* **YOUR OBJECTIVE**
From the line containing "Personalised Long Sleeve" through the last line of the entries, output the text exactly. Pictures stay out.

* **Crawled caption data**
○ ○ ○ ○

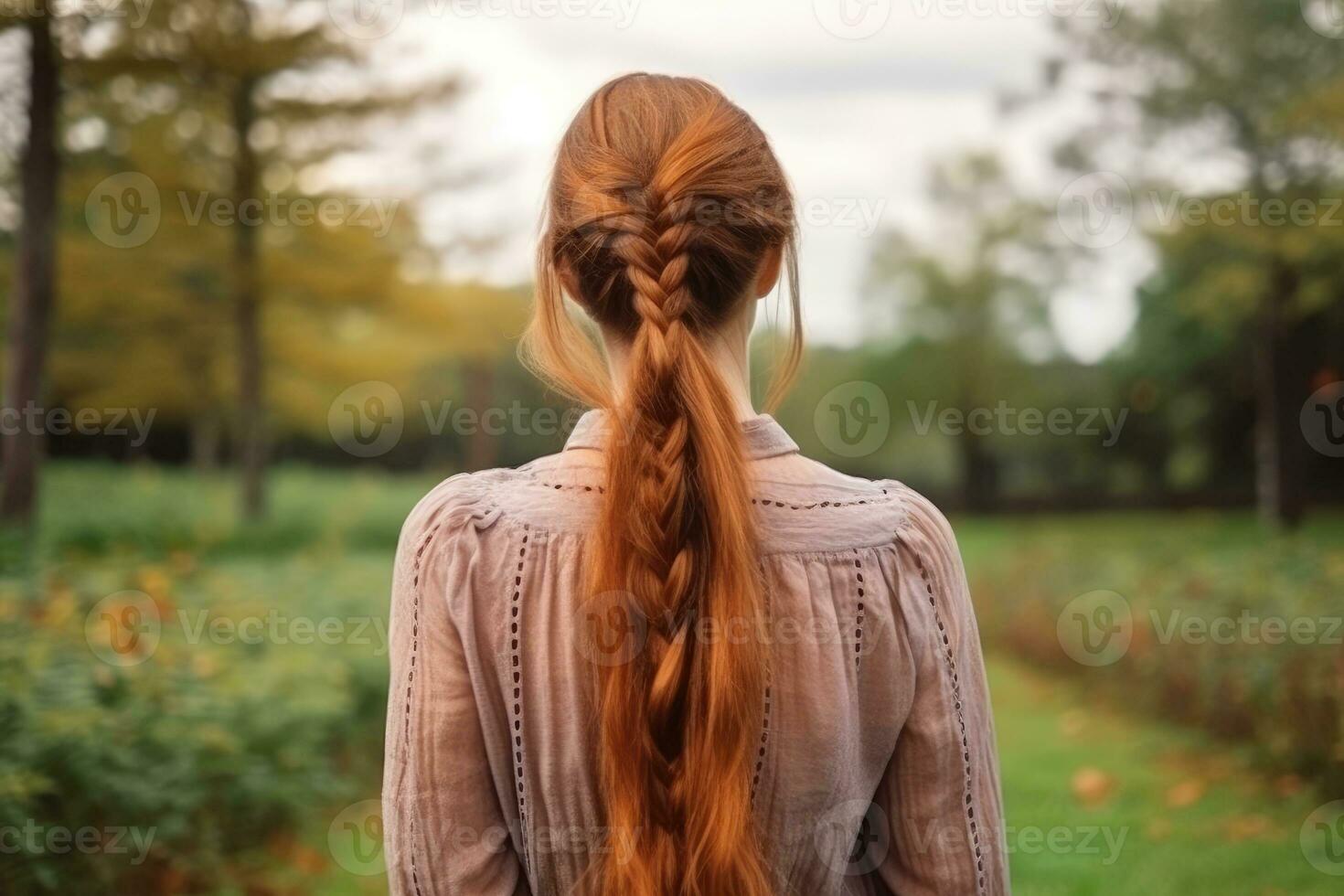 women plait hairstyle look from back professional advertising photography AI Generated photo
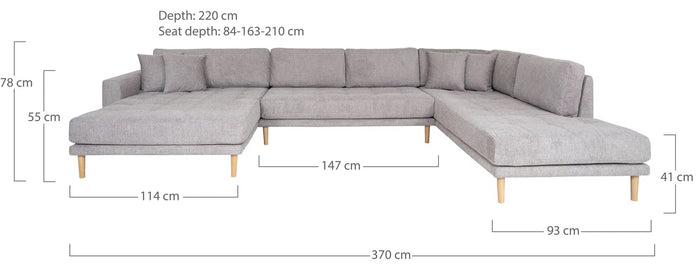 House Nordic - U-Bank Lichtgrijs - Open Einde Links - 370x220x76cm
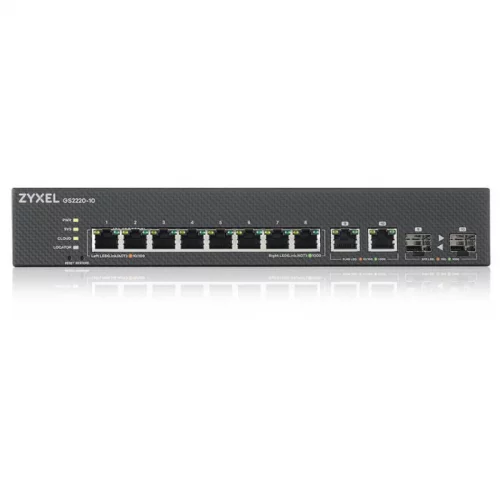 Коммутатор/ ZYXEL NebulaFlex Pro GS2220-10 Hybrid L2 Switch, rack 19 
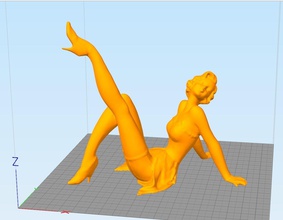 fille pin up pinshape statuette 3d impression statue jeune 3d print model - Mito3D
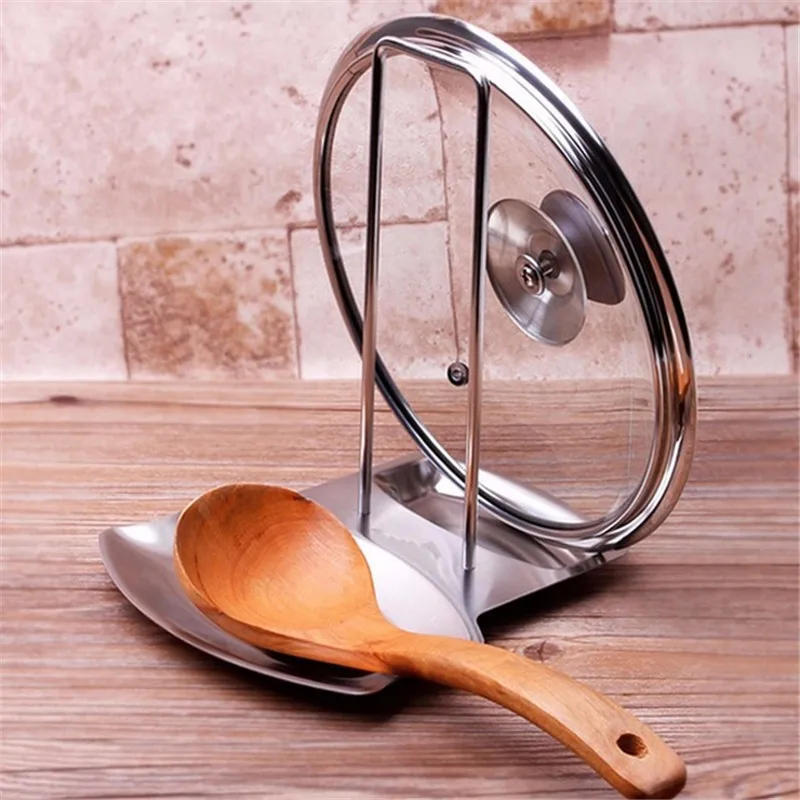 Description Picture 2 of itemStainless Steel Pan Pot Cover Stand Silver Color Soup Spoon Holder Drain Rack Stove Organizer Storage Kitchen Accessories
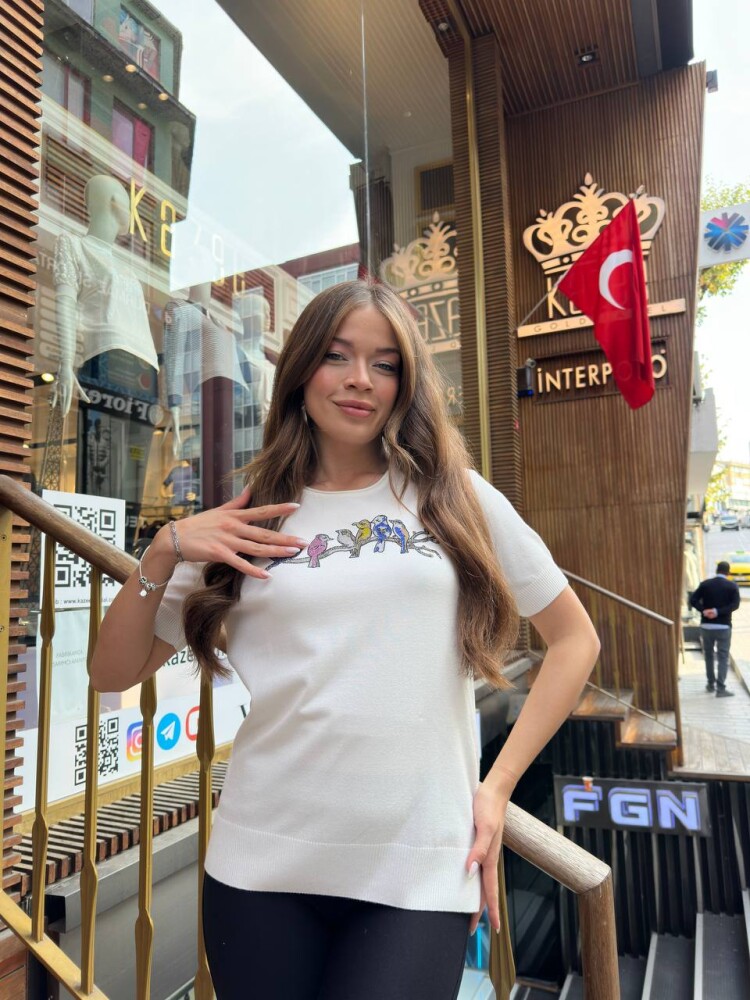 Triko Kazak Kuş Desenli Ekru - 31831 | KAZEE (3'lü Set S-M-L) - 1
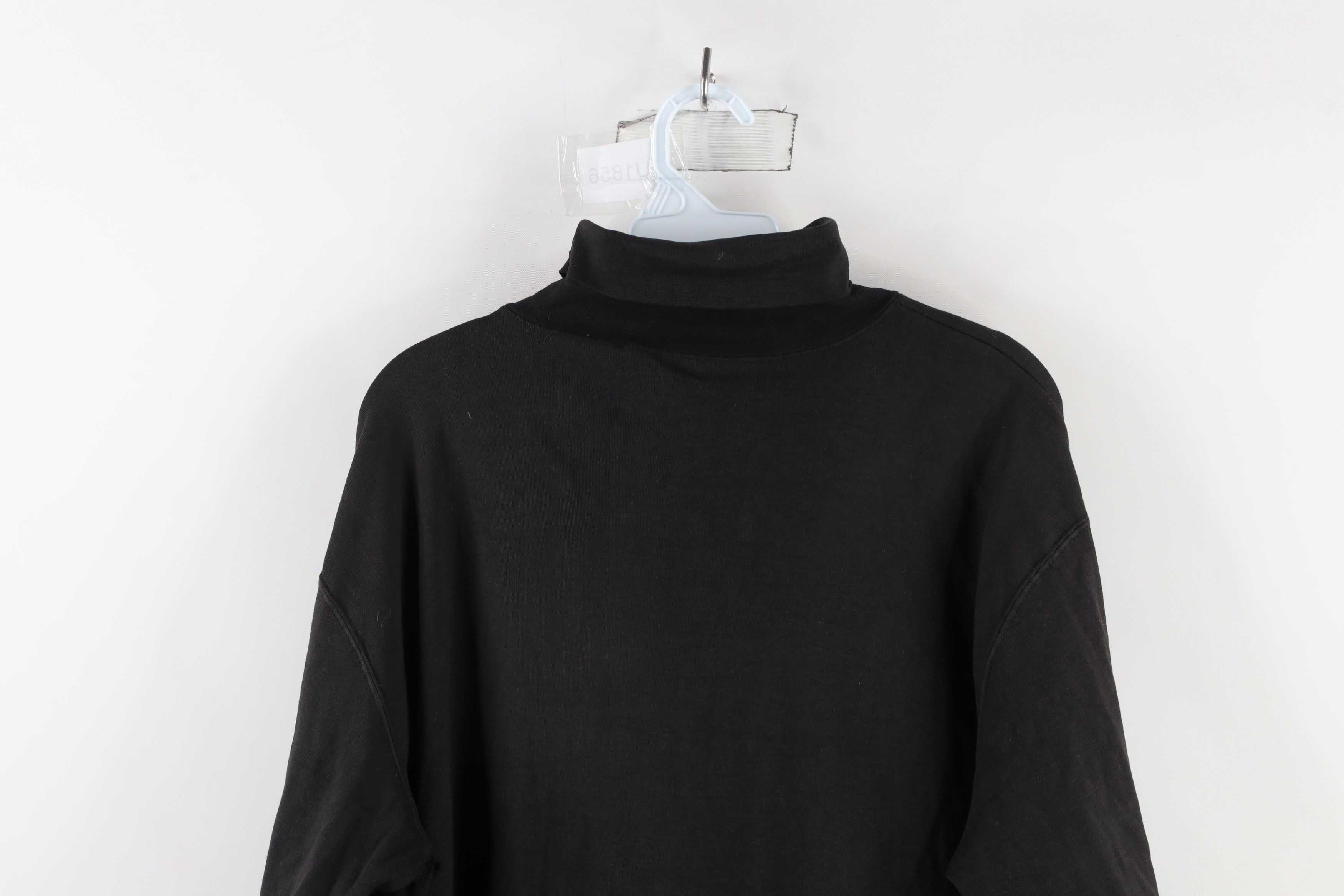 Vintage Vintage 90s Streetwear Blank Cotton Turtleneck T-Shirt Black Size US L / EU 52-54 / 3 - 10 Thumbnail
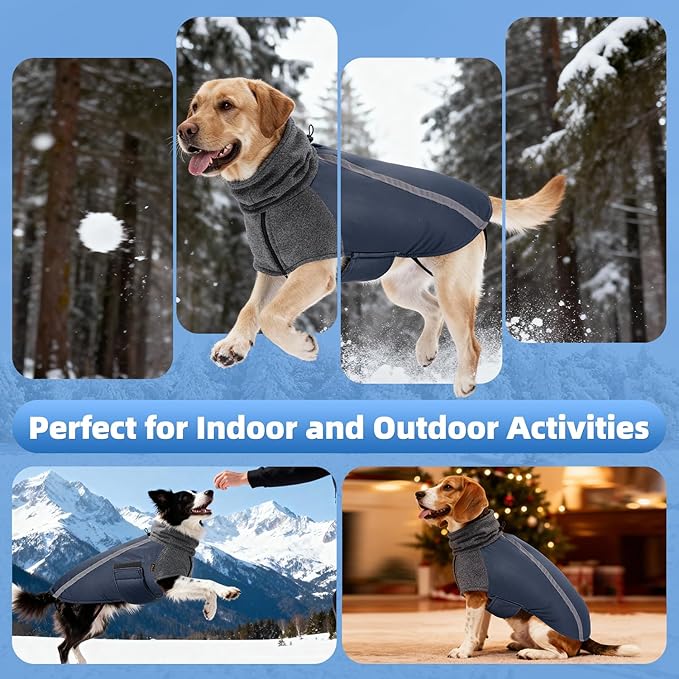SlowTon Winter Dog Coat, Warm Polar Fleece Lining Doggie Outdoor Jacket with Turtleneck Scarf Reflective Stripe Adjustable Waterproof Windproof Puppy Vest Soft Pet Outfits (M,Dark Blue)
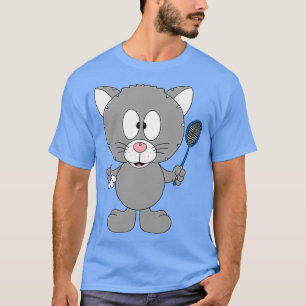 T-shirt Katze Cat Federball Badminton Sport Niveau Kinder 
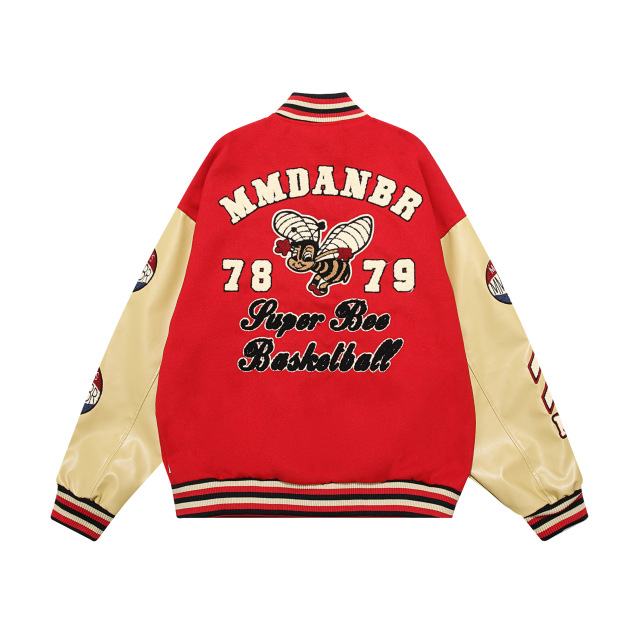 Towel embroidered flocking baseball jacket for women autumn and winter high street contrasting color splicing jacket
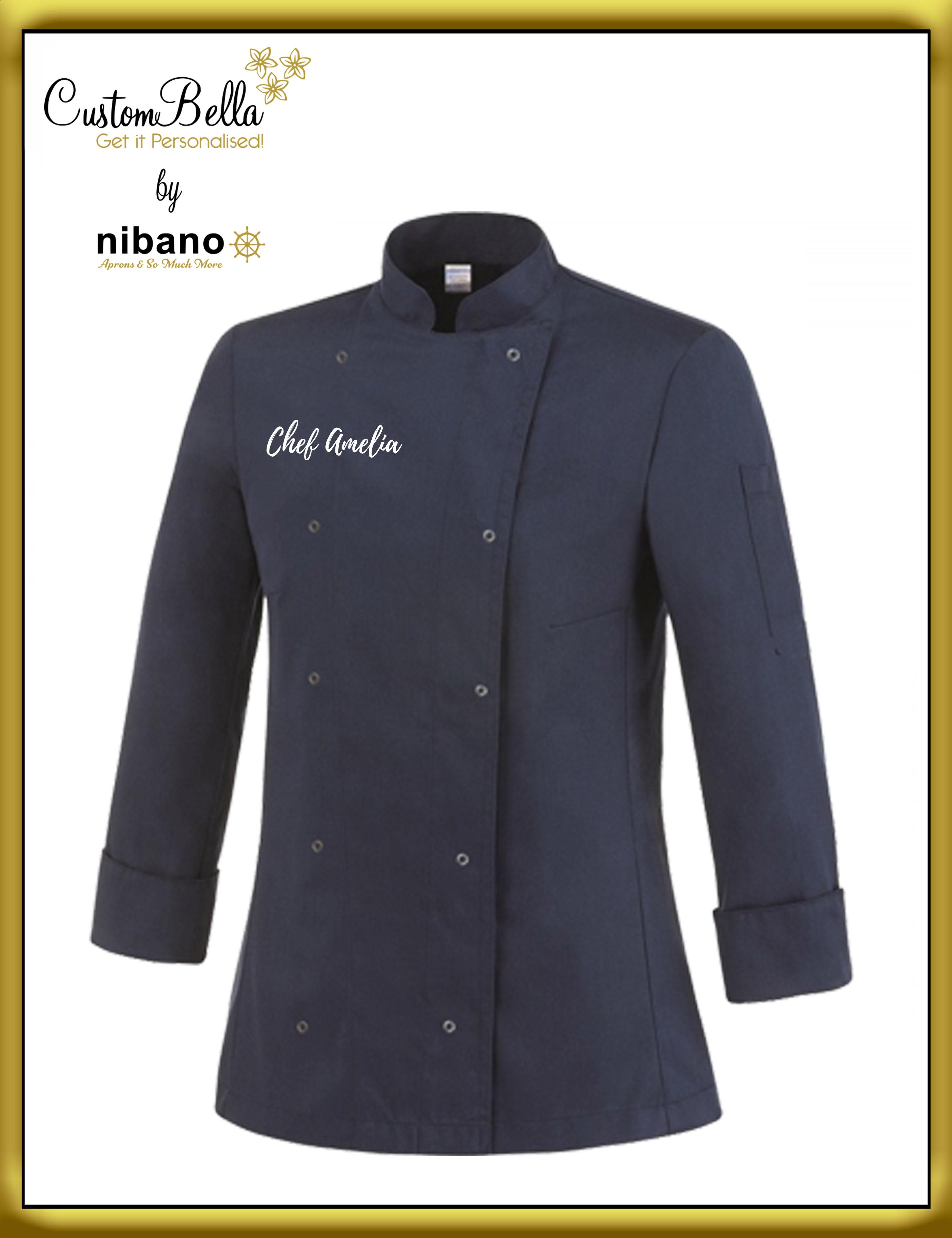 Personalised Long Sleeve Ladies Chef's Jacket black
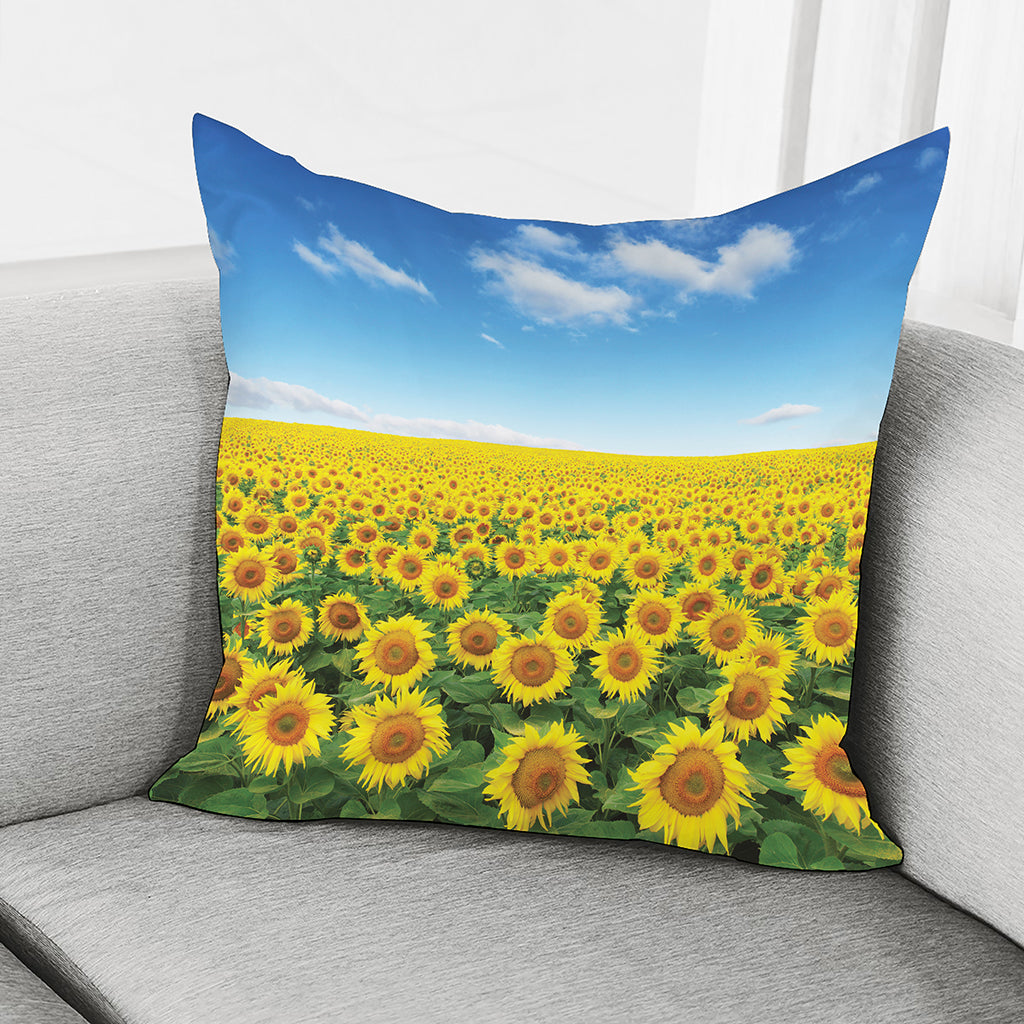 Sunflower Field Print Pillow Cover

○ ○ ○ ○

* **THE ANSWER**
 Personalised Long Sleeve Ladies Chef's Jacket black
 Sunflower Field Print Pillow Cover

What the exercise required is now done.